One of my favorite things to teach was English grammar. It was always a challenge and it seemingly always led to some amazing discoveries in the classroom, as students thought they knew it well, but always learned something new. One of my favorite things to do was to show them that they may know how to use English grammar, but point out that they didn’t know why they knew how to use it. I would do this to make a point that the (native-speaking) teachers in their foreign language classes may not be able to explain succinctly the reasons behind “why.” That is, it would (hopefully) explain the “that’s just the way it is” response a student may receive from a teacher.
So, the example I would give to my students (in this example a lesson on adjectives) would be something like this:
Why do these sound weird to you?
She has on a cotton white lovely sweater.
He made a round big serving nice Spanish dish.

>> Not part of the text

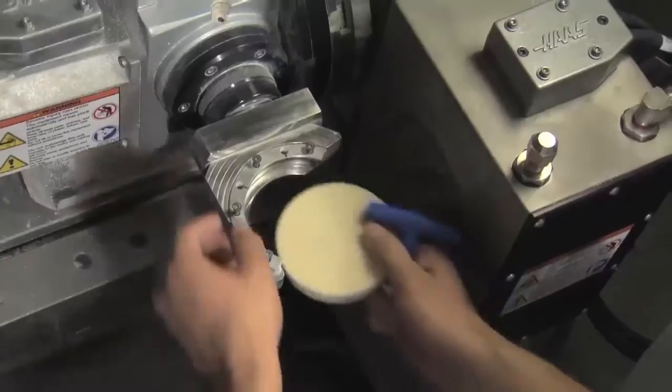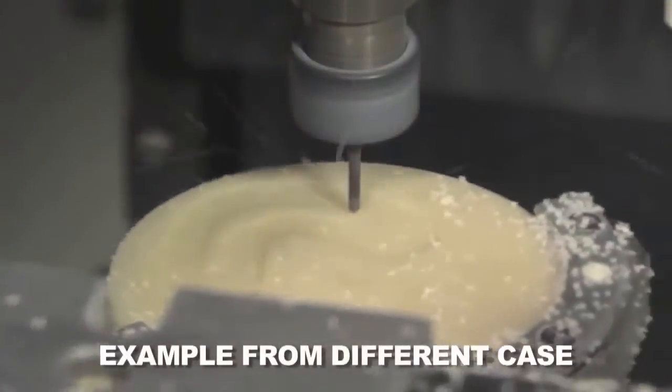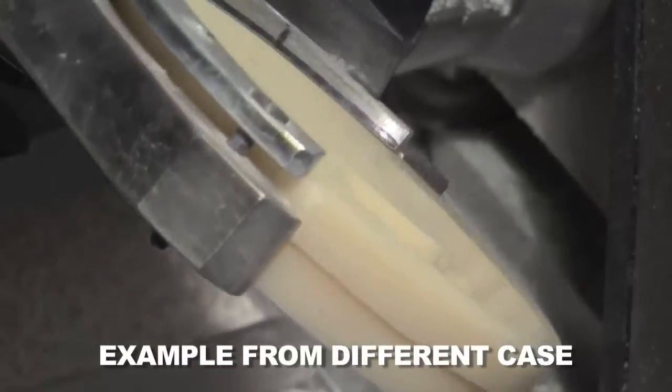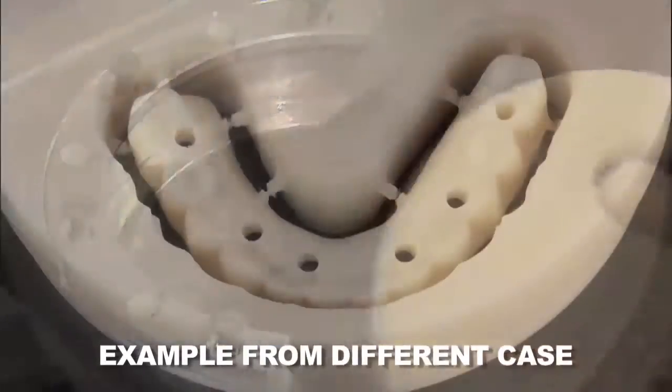Note that an optional provisional implant prosthesis can also be milled from polymethylmethacrylate, or PMMA, to function as a temporary appliance and allow for patient evaluation of the design before the definitive prosthesis is fabricated.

Nearly 100% of the time, after asking that question, I would get the response “that’s just the way it is,” and they would tell me the correct English grammar order of the adjectives. I would agree with them, but then tell them that there is actually a rule to be applied with adjectives – a rule of adjectival order. And that order is:
Opinion – Size – Shape – Color – Origin – Material – Use – Noun
lovely white cotton
nice big round Spanish serving
The students would get a big kick out of that, and I would tell them that they could now impress friends and family with their knowledge.
I guess the point I am really trying to make (and attempt to make all the time), is that learning can be fun. And when it is fun, learning happens.